CE19 juillet 2010CE, 10ème/9ème SSR, 19 juillet 2010, M. F et Mme C, n° 334014, T., point 10(source)
Code d’identification d’un établissement scolaire accueillant des enfants handicapés – Absence
Les codes d’identification propres aux établissements dans lesquels sont scolarisés les enfants, y compris dans les cas où l’enfant est scolarisé dans une structure hospitalière ou dans un établissement de santé, permettent de savoir que l’élève a été souffrant mais ne fournissent par eux‑mêmes aucune information sur la nature, la durée ou la gravité de l’affection de l’élève, information qui ne peut être obtenue qu’en accédant à un autre fichier mettant en correspondance les codes et la dénomination de l’établissement. Ce n’est que dans de très rares cas que la dénomination de l’établissement est explicite quant à la nature des pathologies qu’il soigne. Par conséquent, ces données ne sont pas relatives à la santé au sens de l’article 8 de la loi n°78‑17 du 6 janvier 1978 relative à l’informatique, aux fichiers et aux libertés, dite loi Informatique et Libertés.

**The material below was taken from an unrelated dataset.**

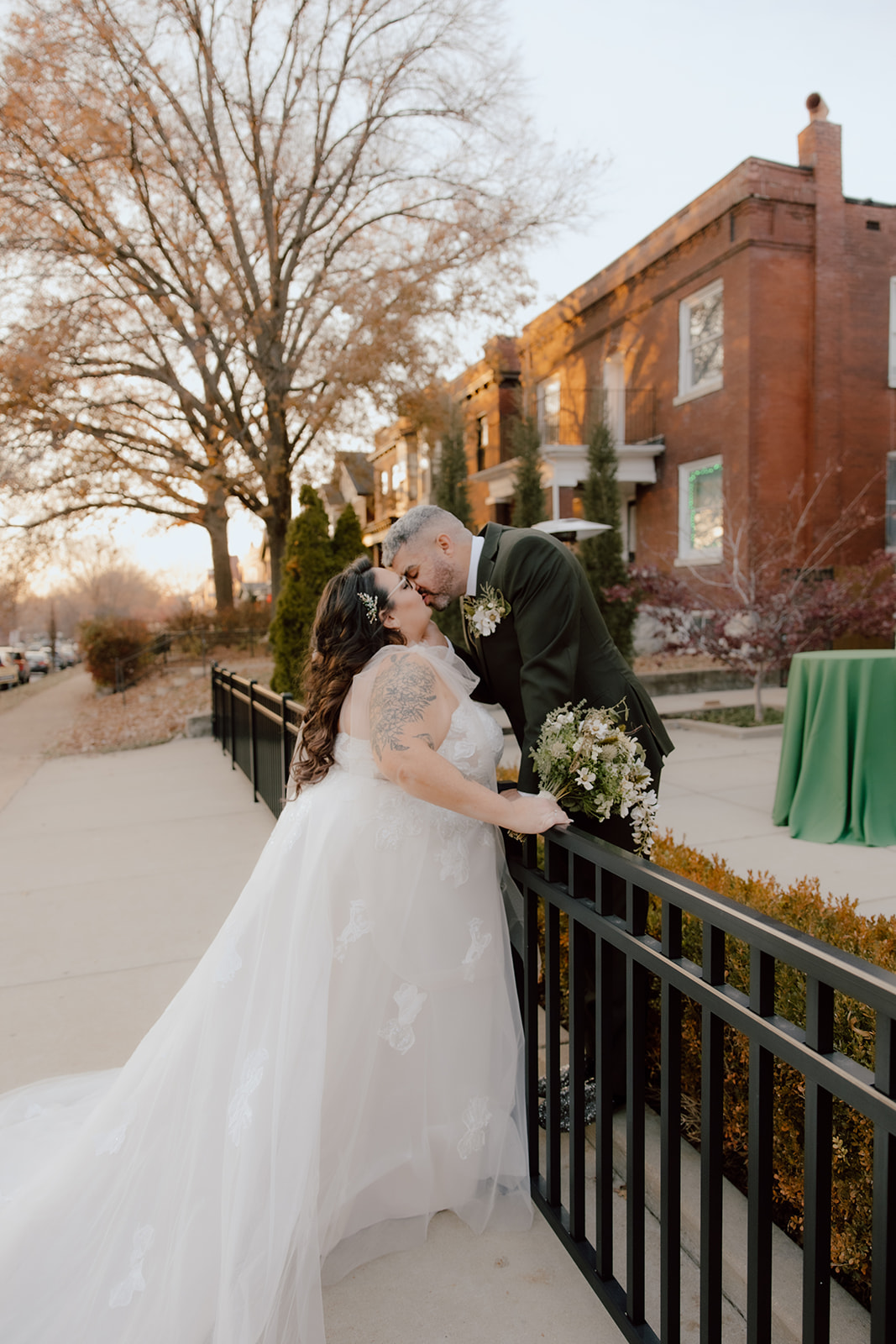 Groom kissing his bride over a fence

CNIL11 mai 2023CNIL, FR, 11 mai 2023, Sanction, Société X, n° SAN-2023-006, publié, point 56 Données contenant la santé(source)
Traitement impliquant nécessairement des données de santé – Information explicite de l'utilisateur – Obligation
Lorsque le service demandé par l'utilisateur implique nécessairement le traitement de données de santé, il est cependant indispensable que l'utilisateur ait pleinement conscience de ce que ses données de santé seront traitées et parfois conservées par le responsable de traitement, ce qui implique en principe une information explicite sur ce point lors du recueil du consentement.